Sequel被设计用来简单的连接和操作数据库,Sequel处理所有繁杂的事情,比如,保持连接、使用正确的SQL格式以及获取数据,这样你就可以专注于自己的应用了。
Sequel使用数据库的概念来检索数据。一个数据集对象封装了一个SQL查询并且支持关联(原文是supports chainability,意思应该是关联),使你能够通过简洁灵活的Ruby DSL来方便的获取数据。
例如,下面的一行代码就可以返回中东地区国家的平均GDP:
DB[:countries].filter(:region => 'Middle East').avg(:GDP)
这条语句等价于:
SELECT avg(GDP) FROM countries WHERE region = 'Middle East'
由于数据库只有在需要的时候才取回数据,所以被缓存以便再使用。记录是作为Hash类型返回的,所以可以使用一个可枚举的接口访问:
middle_east = DB[:countries].filter(:region => 'Middle East')
middle_east.order(:name).each{|r| puts r[:name]}
Sequel还提供了简便的方法用于从数据集中提取数据,比如一个扩展的map方法:
middle_east.map(:name) #=> ['Egypt', 'Turkey', 'Israel', ...]
或者是通过.to_hash方法把结果作为一个hash,一列作为kye,另一列作为value:
middle_east.to_hash(:name, :area) #=> {'Israel' => 20000, 'Turkey' => 120000, ...}
安装
gem install sequel
小例子
require 'sequel'
DB = Sequel.sqlite # memory database, requires sqlite3
DB.create_table :items do
primary_key :id
String :name
Float :price
end
items = DB[:items] # Create a dataset
# Populate the table
items.insert(:name => 'abc', :price => rand * 100)

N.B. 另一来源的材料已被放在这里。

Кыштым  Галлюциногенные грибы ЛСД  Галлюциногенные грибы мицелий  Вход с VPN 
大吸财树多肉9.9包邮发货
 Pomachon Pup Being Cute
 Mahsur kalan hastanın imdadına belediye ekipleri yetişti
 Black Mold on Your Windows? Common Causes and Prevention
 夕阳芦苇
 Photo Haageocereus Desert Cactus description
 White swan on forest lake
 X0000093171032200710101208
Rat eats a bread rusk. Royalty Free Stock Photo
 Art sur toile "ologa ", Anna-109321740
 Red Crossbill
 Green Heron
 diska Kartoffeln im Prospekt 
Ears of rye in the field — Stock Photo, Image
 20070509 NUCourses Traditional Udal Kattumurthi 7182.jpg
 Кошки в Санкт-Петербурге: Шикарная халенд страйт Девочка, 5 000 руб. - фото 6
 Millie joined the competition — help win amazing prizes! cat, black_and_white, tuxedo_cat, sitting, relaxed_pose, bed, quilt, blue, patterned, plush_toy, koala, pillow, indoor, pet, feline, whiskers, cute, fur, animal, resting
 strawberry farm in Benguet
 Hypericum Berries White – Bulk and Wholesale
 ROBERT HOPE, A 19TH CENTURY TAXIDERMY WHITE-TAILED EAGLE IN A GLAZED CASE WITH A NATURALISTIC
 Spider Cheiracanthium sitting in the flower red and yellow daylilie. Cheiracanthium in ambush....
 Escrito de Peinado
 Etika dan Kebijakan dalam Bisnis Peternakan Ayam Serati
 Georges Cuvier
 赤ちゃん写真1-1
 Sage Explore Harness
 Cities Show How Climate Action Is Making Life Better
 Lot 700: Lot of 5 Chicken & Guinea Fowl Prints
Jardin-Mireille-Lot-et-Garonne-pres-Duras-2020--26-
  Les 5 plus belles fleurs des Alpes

items.insert(:name => 'def', :price => rand * 100)
items.insert(:name => 'ghi', :price => rand * 100)
# Print out the number of records
puts "Item count: #{items.count}"
# Print out the average price
puts "The average price is: #{items.avg(:price)}"
Sequel控制台
Sequel包含一个IRB控制台用于快速的访问数据库,使用方式如下:
sequel sqlite://test.db # test.db in current directory
这样就可以获得一个IRB会话用于访问数据库。
入门
连接数据库
你可以使用Sequel.connect(URL)方法来连接数据库:
require 'sequel'
DB = Sequel.connect('sqlite://blog.db') # requires sqlite3
URL可以包含用户名、密码、端口号:
DB = Sequel.connect('postgres://user:password@host:port/database_name') # requires pg
你也可以提供可选参数,例如,连接池大小,SQL查询的logger:
DB = Sequel.connect("postgres://user:password@host:port/database_name",
:max_connections => 10, :logger => Logger.new('log/db.log'))
你也可以为连接提供一个block,block执行完成后会从数据库连接断开:
Sequel.connect('postgres://user:password@host:port/database_name'){|db| db[:posts].delete}
DB约定
在Sequel文档中,我们使用DB常量来表示你创建的Sequel::Database实例。
另外,一些使用Sequel的框架,可能已经为你创建好了Sequel::Database实例,但是你可能不知道怎么获取它,大部分情况下你可以通过Sequel::Model.db来获取。
任意的SQL命令
你可以使用Database#run来执行任意的SQL命令:
DB.run("create table t (a text, b text)")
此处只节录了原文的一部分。